San Pedro Sula           There’s no agreement in Honduras about much except the fact that the economy continues lagging and unemployment is acute, government is inept, and corruption is rampant.  Getting specifics past these general statements is a longer climb.

The big topic on all tongues is the conviction of the President’s brother in a jury trial in New York for drug trafficking.  The President was named as a co-conspirator.  In an upscale mall near the mountains at the edge of the city, we visited with several professionals who were giddy with the news.  On the other hand, talking to a television and radio broadcaster, he joined others in saying the sentence was unfair, based on secondhand observations, and further that the President had ducked the bullet by claiming that he was so clean he had helped send his own brother to jail.  Meanwhile, talking on the phone to a brother-in-law working as a civilian in a military base an hour outside Tegucigalpa, he reported that they were on lockdown there and couldn’t leave the base this week as demonstrations both pro-and-con over the decision created what the US military believed were security issues.  Some of the demonstrators at the gate were demanding that the US leave and close the base.
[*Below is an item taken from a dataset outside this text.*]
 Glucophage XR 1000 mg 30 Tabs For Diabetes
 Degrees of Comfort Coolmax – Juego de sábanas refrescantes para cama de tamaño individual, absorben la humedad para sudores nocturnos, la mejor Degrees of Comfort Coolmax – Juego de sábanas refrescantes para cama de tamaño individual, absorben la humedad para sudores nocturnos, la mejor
I heard about banana producers who were in desperate straits because the prices had fallen so low around the world.  They were looking everywhere for markets.  An encouraging opportunity in Hamburg, Germany for ten container loads a week fell apart over the demand that the bananas be organically grown, which takes time and money the producers lack. The worldwide drop in coffee prices had pushed many producers in Honduras to begin selling their best beans in-country where historically the best was always saved for export.  Many large producers had opened coffee shops that now seemed ubiquitous throughout the city, hoping to gain a domestic market.

Trump’s closing of the border had changed immigration patterns as it became more difficult.  Several people told me that security was a somewhat hyped issue in Honduras to mask the more serious economic issues.  Increasingly one observer pointed out, Honduras were heading for Spain now that the US seemed such a stretch.  Where there had been only one plane per week from San Pedro Sula, there were now two, and there were reports that a third would be added soon.

Meanwhile other issues are also coming to the forefront.  I was driven by a development now stalled under investigation at the foot of the mountain.  Residents in the city were concerned that the land was being developed by narcotraffickers, but the main issue was the potential desertification of the area because of damage to the aquafer both by these projects and by the water sucking maquila plants ringing the city.  Others talked about the decline in healthcare.

There’s no agreement, but while people talk about their love for the country, its people, and its beauty, they can’t stop worrying about the current crises everywhere and what it holds for the future and their children.